Once trust is gone, good luck bringing it back.
For marketers and KOLs, trust is your currency. Promote the wrong project, and it won’t just be your audience that gets rekt; you will, too. Your reputation is your leverage; if you sell it out for quick gains, you won’t have a career for long.
Let’s break down the $LIBRA’s mess:
- Rapid Surge and Collapse: After promotion by a high-profile figure, $LIBRA’s value skyrocketed to a market cap of $4.5 billion, only to plummet by 95% within hours, erasing billions in investor funds.
- Insider Manipulation: Investigations revealed that a single wallet, 0xcEA, was linked to multiple memecoin scams, including $LIBRA. This wallet engaged in “sniping” tactics, buying large quantities of tokens at launch and dumping them for massive profits, leaving retail investors with heavy losses.
- Concentrated Holdings: On-chain analysis showed that a few insiders controlled 82% of the token supply, indicating a premeditated plan to manipulate the market.
- Massive Financial Losses: The orchestrators withdrew $87 million from liquidity pools, and insiders cashed out an additional $107 million, leading to a total of $194 million siphoned from unsuspecting investors.
DYOR or Get Wrecked
If there’s one lesson to take away from the $LIBRA mess, it’s this: Do Your Own Research (DYOR) or prepare to get rekt. The space rewards those who know what they’re doing and punishes those who don’t. But DYOR isn’t just about checking a whitepaper or glancing at a few tweets. It’s about digging deep, understanding the people behind the project, questioning everything, and verifying claims before putting your money — or your reputation — on the line if they ask you to promote it.
If you’re a marketer, KOL, or business in crypto, DYOR isn’t optional. It’s survival.
Here’s how to do it:
- Know the team. If a project is being pushed by anonymous developers with zero verifiable track record, that’s a major red flag. Good projects are built by people willing to stand behind their work.

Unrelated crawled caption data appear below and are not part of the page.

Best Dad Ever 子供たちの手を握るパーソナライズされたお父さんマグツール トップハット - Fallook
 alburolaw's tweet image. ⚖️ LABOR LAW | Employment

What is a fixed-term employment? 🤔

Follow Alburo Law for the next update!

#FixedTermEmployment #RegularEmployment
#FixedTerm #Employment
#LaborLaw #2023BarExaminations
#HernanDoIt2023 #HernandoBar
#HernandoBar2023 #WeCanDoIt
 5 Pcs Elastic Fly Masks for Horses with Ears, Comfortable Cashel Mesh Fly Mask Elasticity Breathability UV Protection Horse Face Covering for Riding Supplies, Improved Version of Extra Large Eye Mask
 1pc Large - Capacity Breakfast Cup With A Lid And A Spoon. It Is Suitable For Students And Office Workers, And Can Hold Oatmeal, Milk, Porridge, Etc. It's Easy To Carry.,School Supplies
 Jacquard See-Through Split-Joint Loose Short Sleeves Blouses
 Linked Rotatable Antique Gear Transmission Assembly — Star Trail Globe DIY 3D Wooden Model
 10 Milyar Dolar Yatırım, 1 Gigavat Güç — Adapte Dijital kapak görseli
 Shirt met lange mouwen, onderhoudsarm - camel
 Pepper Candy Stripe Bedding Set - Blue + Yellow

- Follow the money. Who’s backing it? Who’s profiting the most? Are insiders getting allocations that let them dump on retail? If something seems too good to be true, it probably is.
- Check liquidity and tokenomics. If 82% of the supply is sitting in a few wallets, you’re not in a community-driven project; you’re in someone’s exit liquidity plan.
- Look at incentives. Are they building for long-term value, or does the entire model rely on hype and momentum to keep the price up? Sustainable projects think beyond the next pump.
- See who’s promoting it. If a bunch of paid influencers are shilling it without real conviction, it’s probably another cash grab.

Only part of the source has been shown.